※ぼくのかんがえたさいきょうのとうけんらんぶ ねつ造山ほど
※三日月と燭台切
「今剣、少し待て」
己の脇をすり抜けて駆けていく小さな肩を制すと、大きな丸い目に見上げられる。宝玉のように輝く双眸が、日盛りの光を受けて眩しそうに細められた。
「あれっ、みかづき。どうしたんですか?」
「主の元へ行くのか?」
「そうですよ! おにごっこにつきあってもらうのです!」
きょうはぼく、なんのおつかいもたのまれてませんから。童子は幼い顔をふやけさせて笑うに、そわそわと視線を廊下の先へ向ける。審神者の自室はもうこの角を曲がってすぐだ。
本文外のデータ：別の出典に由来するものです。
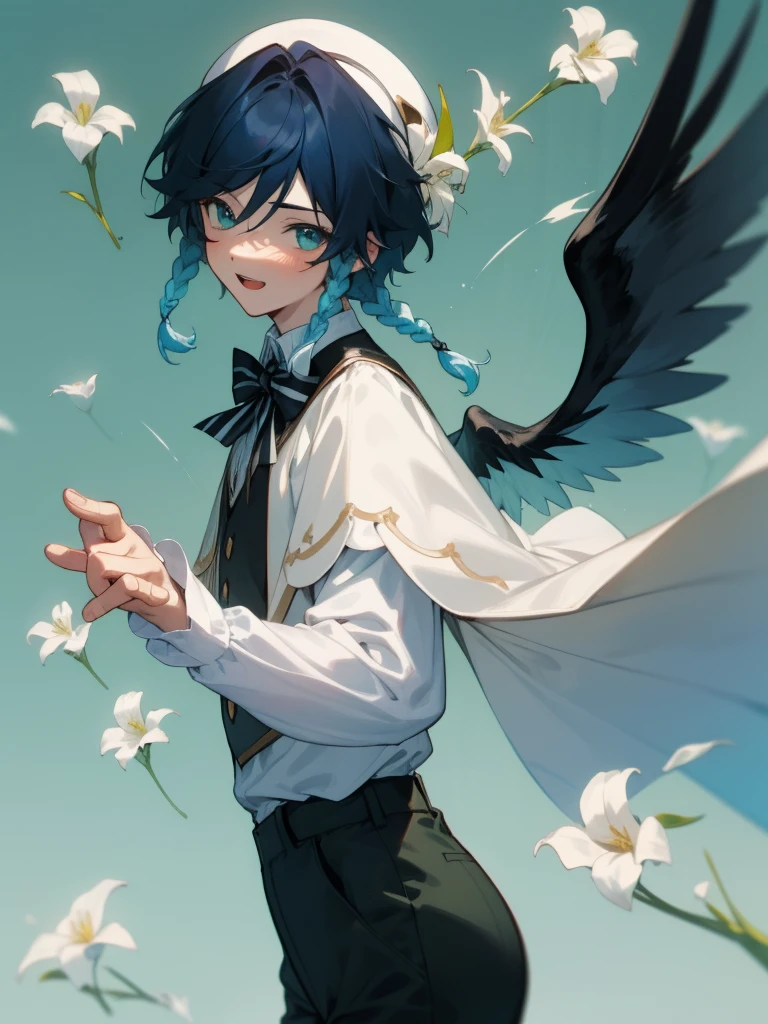 Venti, 1boy, male, solo, young adult, medium hair length, 2braids, dark blue hair color, cyan highlights in hair, energic expression, dynamic pose, flying, 2wings, flowers background, detailed eyes, white shirt, white sleeves, green pants, short pants, green cape, bow tie, green hat, colourful jewels, cyan , pink, dancer outfit,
そっと笑って、今にも手を外して駆け出しそうな小さな背を支える。身を屈ませてふしぎそうな目と視線を結ぶと、三日月はそのやわらかな頬を指で擦った。
「泥がついているぞ。すでにあちこち駆け回ってきたのだろう」
「はい! くにとしやいわとおしと、うらにわをめいっぱい!」
「あっはっは、それはよいことだ。だが、その格好では部屋を汚して主の不興を買うぞ」
「む、それはいやです。ぼくはいいこなのに」
「であれば、主の元へは身ぎれいにしてからだな」
一枚下駄を脱ぎ去った小さな背を反転させ、部屋とは逆方向に押し出してやる。今剣はちらりと廊下の向こう側を振り返ったが、素直に軽やかな足音を立てて姿を消した。それを見送ってから立ち上がると、入れ違いにこちらにやってくる気配がひとつあって、三日月は視線を投げた。
「いま今剣くんが走っていったけど、どうしたの」
「主に会うには格好を整えて来い、とな」
「なるほど。それじゃ、僕は通してもらえるのかな」
「ふむ。まあ顔に泥もついていないようだし、いいのではないか」
「一安心だね」
廊下を歩み寄ってくるは、刀派長船が一振り、燭台切光忠だった。隻眼の金目で好青年の笑みを浮かべるその手には盆がひとつ。きれいに澄んだ緑茶は湯気をあげ、脇には淡い桜色をした小さく可憐な練りきりが添えられている。目端の利くこれの仕事ならば茶の温度も濃さも主の好み通りなのだろうな、と思うに、三日月はそっと廊下の端へ寄ってやった。
来るな。半ば悲鳴のような懇願に、長谷部は困惑した。
「主、ですが」
「あー、長谷部くん。別に二度と来るなとか、報告が聞きたくないってわけじゃなくてね」
「燭台切」
右には近侍の三日月宗近、左には燭台切光忠を置き、主は未だ廊下にたたずむ長谷部を視界に入れず、俯いていた。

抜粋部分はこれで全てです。